Apple and pear pests are hosts to a large complex of predators and parasites, some of which are important natural regulators of pest populations. Others generally contribute to the natural regulation of pest populations to a greater or lesser extent .
The natural enemies of pests fall into the following groups:
- Parasitic wasps and flies (parasitoids)
- Pathogenic fungi, viruses and nematodes
Some predators are specialised feeders attacking only one pest or a small group of pests and can respond quickly to increasing pest populations, effectively regulating them. The best example of this is the use of the orchard predatory mite Typhlodromus pyriagainst fruit tree red spider mite and apple rust mite.
Predatory flower bugs or anthocorids are generalist predators and will feed on aphids, suckers, spider mites and the eggs and young caterpillars of codling and tortrix moth.
Several other groups of naturally occurring polyphagous predators, such as lacewing larvae, ladybirds hoverfly larvae, spiders , predatory midges and ground beetles prey on a range of pest species contributing generally to the reduction in pest populations. However, they are unlikely alone to prevent pest damage fully and reliably. An exception due to its abundance in orchards is the common earwig.
These are natural enemies of apple pests whose larvae develop by feeding inside the bodies of their hosts. There is a wide range of species of parasitic wasp, and some parasitic fly species, which offer some control of apple pests.
Pathogenic fungi, viruses and nematodes
Apple and pear pests are hosts to a wide range of microbial (virus, bacterial, fungal) and nematode pathogens, some of which are important natural enemies. Several have been exploited as biocontrol agents.
Key natural enemies
The orchard predatory mite Typhlodromus pyri
A few species of natural enemy are particularly important as they are resistant to broad-spectrum insecticides and are able to prevent serious outbreaks of one or more important pests. These are key natural enemies.
Key natural enemies are easier to exploit for pests that do not damage the fruit directly and can thus be tolerated at low to moderate levels in orchards. The most important key natural enemies identified to date for apple and pear pests are:
Adult common European earwig
- Organophosphorus insecticide resistant strains of the orchard predatory mite, Typhlodromus pyri, which prevent pest mite outbreaks on apple.
- The common European earwig, which is resistant to insecticides and prevents woolly aphid outbreaks as well as regulating populations of many other pest species
- Parasitic wasps, which parasitise and regulate populations of leaf mining moths. The parasitic wasp Platygaster demades attacks apple leaf midge.
- Predatory flower bugs (anthocorids) which regulate pear sucker populations
Encouraging natural enemies
- Persistent broad-spectrum insecticides, particularly synthetic pyrethroids, are harmful to a wide range of natural enemies and their use should be avoided if possible.
- The best way of increasing natural enemies is to avoid the use of such insecticides and use only selective insecticides or cultural, biological and biotechnological control approaches.
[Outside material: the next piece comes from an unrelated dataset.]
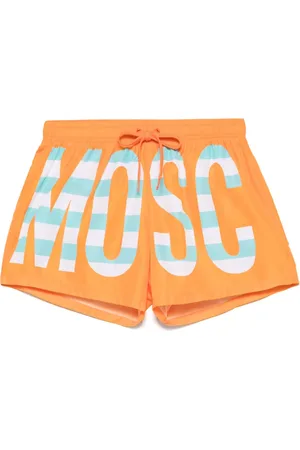 Moschino Short de bain à logo imprimé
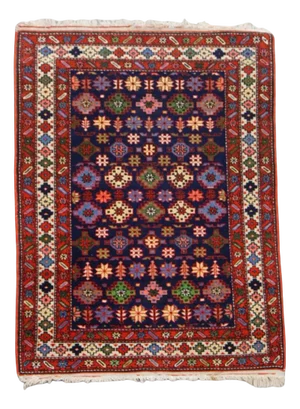 Colorful Rug with Patterns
- Provide new and existing orchards with pollen, nectar and structural resources to provide pollinators and natural enemies with habitat and food to increase their numbers. Include earwig refuges (such as wignests and bottle refuges) and hoverfly attractants where possible.
- Populations of natural enemies are increased by providing a diverse range of plants in and around the orchard.
- To enhance biodiversity, alleyways should be sown with a mixture of annual and perennial flowering plants and grasses. The frequency of mowing should be reduced to allow taller species to flower and set seed.
- Successive sowings of flowering herbs in and around the orchard will provide an alternative food source for some natural enemies, notably hoverfly adults, the larvae of which are important predators of aphids.
- Artificial refuges should be provided, ideally one in each tree, to increase populations of some generalist predators, especially earwigs.